A personal relationship
But there’s no denying Mary has a special pull for Catholics.
“I don’t know that I would have ended up in Emmitsburg if there had not been that connection,” said Mary Catherine Kennedy, associate professor of communications at Mount St. Mary’s. “I had always had a devotion to Mary.”
Kennedy said she took ownership of her faith early, being the only Catholic student in her elementary school class in South Carolina, and her relationship with Mary deepened after her mother died about a decade ago. She started a consecration program to Mary on the date of her mother’s death and made her consecration on Jan. 1, the solemnity of Mary, Mother of God.
“It was important that it was not just a Marian feast day, but it was about her motherhood,” she said.
Now she tries to embody the spirit of Mary with her students, sometimes taking freshmen up the mountain to the Lourdes grotto, which lies under the statue.
“Having that golden statue — it’s an omnipresent type of thing,” Kennedy said. “It can be seen as a ray of hope, a ray of light. I took students up there not just to see the statue but to look at the view from that point of the mountain. You can see the whole campus spread out below you. They would come up out of breath, and I’d say, ‘The climb up here wasn’t easy. You can do anything through effort and saying yes.'”

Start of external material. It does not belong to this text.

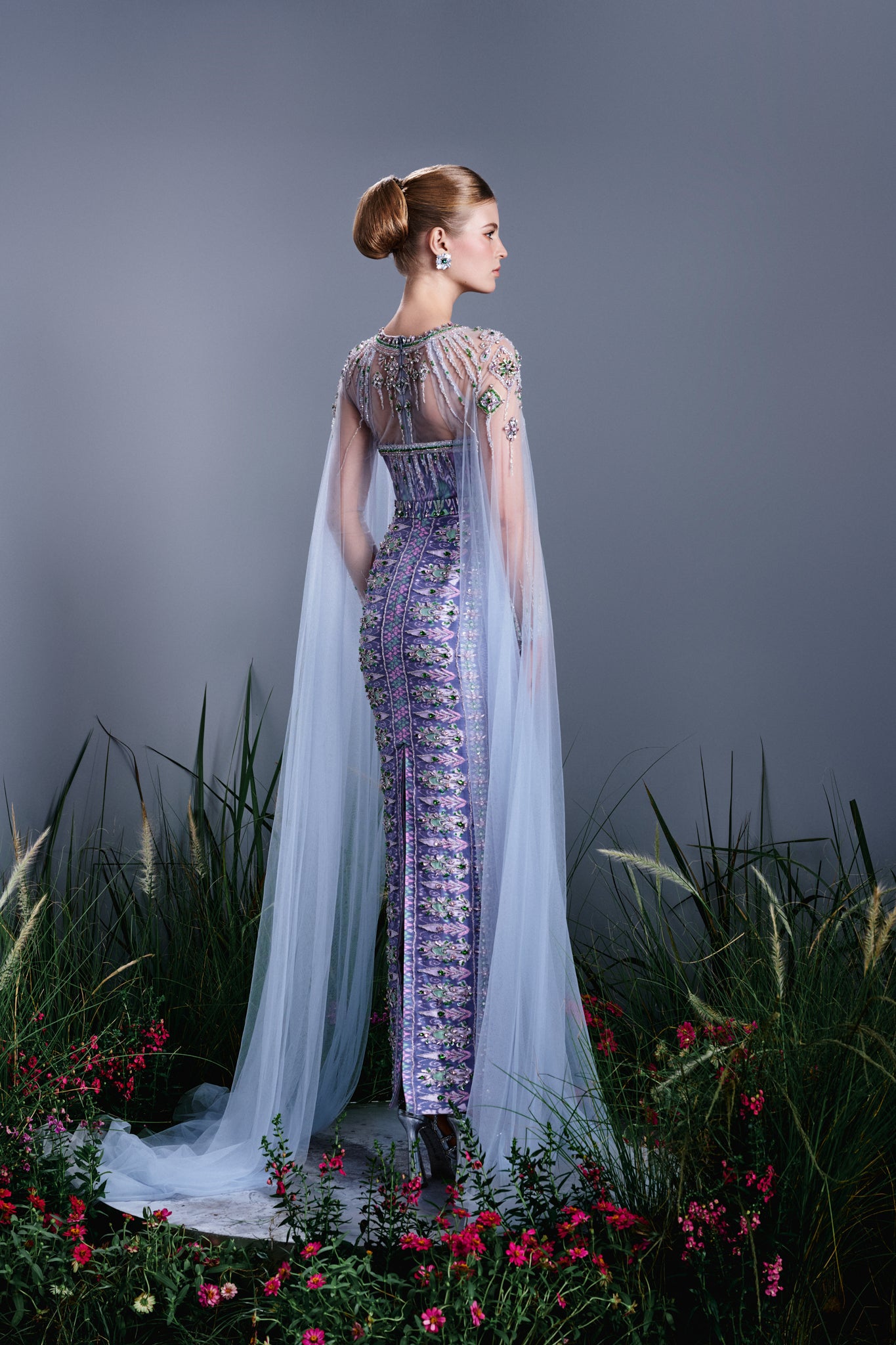 LOOK 7: Celestial Harmony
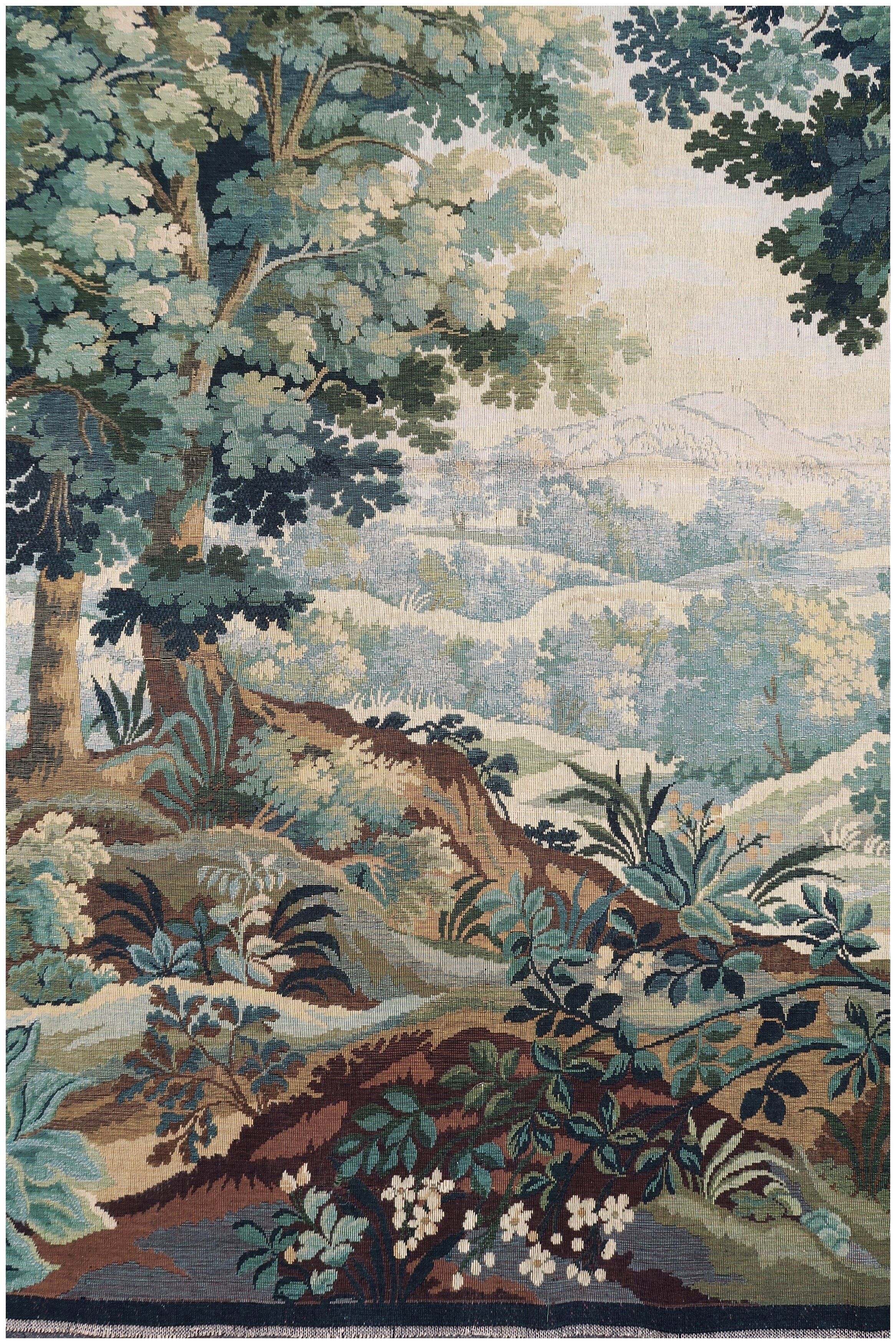 French tapestry 1900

Emily Jansen, a junior and the student body president at Mount St. Mary’s, said the message comes through loud and clear.
“Mary is frequently mentioned in speeches and in classes — especially in theology classes — even just in conversation,” she said. “A lot of the students, we call her Mom. It’s casual, but it’s also personal and intimate.”
This year will be different, since the statue on the mountain has been temporarily removed for repairs.
Jansen plans to address it in her speech to students opening the school year.
“I’m going to say something like, ‘Mary has the year off. We get to be Mary now.'”
Michelle Martin writes from Illinois.